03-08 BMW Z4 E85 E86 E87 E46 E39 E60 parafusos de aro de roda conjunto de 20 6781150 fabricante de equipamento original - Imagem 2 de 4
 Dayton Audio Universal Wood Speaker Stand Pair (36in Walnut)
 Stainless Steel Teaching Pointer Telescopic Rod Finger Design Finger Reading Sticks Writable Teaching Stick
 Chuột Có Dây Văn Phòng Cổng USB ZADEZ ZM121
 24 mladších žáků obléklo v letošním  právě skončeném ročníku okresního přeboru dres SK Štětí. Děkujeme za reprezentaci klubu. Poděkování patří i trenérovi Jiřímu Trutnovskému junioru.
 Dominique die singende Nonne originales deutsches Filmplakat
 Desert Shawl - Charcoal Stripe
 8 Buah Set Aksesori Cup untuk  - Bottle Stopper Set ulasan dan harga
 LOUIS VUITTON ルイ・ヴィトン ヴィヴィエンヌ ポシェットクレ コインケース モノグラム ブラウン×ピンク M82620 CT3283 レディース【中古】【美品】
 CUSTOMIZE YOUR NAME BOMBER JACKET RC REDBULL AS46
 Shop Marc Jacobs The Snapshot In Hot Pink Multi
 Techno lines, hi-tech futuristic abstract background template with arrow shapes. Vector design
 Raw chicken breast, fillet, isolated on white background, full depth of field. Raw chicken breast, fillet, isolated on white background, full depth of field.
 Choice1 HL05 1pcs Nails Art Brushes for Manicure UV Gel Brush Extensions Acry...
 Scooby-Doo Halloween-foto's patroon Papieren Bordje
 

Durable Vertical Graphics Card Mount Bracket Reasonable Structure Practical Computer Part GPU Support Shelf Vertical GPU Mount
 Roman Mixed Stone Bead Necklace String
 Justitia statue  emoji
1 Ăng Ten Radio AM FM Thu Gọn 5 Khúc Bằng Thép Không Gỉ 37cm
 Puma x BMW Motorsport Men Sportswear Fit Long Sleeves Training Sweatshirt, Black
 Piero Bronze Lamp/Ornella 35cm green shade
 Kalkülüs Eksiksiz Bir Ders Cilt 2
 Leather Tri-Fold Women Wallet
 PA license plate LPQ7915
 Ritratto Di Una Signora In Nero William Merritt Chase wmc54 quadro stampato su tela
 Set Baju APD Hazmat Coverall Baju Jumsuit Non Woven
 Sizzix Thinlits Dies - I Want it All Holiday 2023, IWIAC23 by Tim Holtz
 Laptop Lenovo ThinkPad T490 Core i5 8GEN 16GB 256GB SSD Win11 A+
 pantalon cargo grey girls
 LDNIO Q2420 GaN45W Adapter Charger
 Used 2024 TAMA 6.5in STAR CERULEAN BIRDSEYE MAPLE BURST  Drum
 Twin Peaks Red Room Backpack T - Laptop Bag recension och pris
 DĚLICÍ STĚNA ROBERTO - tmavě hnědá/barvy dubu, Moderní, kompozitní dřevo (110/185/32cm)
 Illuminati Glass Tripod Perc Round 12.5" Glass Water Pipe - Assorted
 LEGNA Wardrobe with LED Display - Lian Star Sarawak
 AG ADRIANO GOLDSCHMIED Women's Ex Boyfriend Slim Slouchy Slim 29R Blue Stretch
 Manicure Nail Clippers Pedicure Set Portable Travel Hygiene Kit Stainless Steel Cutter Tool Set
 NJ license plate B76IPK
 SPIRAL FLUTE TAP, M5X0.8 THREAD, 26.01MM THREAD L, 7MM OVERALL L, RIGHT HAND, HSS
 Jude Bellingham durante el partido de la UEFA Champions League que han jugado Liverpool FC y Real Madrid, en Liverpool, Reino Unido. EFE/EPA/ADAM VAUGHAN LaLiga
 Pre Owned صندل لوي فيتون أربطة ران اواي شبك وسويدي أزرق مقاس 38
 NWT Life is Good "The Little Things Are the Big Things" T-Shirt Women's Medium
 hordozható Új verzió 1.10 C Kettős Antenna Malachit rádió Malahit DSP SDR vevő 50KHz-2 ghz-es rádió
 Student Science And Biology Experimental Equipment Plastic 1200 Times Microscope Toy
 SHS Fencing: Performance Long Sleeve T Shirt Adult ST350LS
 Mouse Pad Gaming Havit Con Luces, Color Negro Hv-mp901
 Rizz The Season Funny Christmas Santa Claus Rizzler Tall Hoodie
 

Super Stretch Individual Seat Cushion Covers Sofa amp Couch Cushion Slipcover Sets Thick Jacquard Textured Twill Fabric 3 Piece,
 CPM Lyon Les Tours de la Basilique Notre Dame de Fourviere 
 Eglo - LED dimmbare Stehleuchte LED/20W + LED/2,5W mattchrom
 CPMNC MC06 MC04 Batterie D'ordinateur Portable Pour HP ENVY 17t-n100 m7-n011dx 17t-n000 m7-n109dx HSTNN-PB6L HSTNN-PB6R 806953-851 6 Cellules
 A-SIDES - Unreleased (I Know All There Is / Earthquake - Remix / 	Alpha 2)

____

(TASK TO CARRY OUT):
Whatever else the listing above holds, retype exactly only the lines from the one containing "pantalon cargo grey girls" to the one containing "DĚLICÍ STĚNA ROBERTO", both ends kept.

(RESPONSE TO THE TASK):
 pantalon cargo grey girls
 LDNIO Q2420 GaN45W Adapter Charger
 Used 2024 TAMA 6.5in STAR CERULEAN BIRDSEYE MAPLE BURST  Drum
 Twin Peaks Red Room Backpack T - Laptop Bag recension och pris
 DĚLICÍ STĚNA ROBERTO - tmavě hnědá/barvy dubu, Moderní, kompozitní dřevo (110/185/32cm)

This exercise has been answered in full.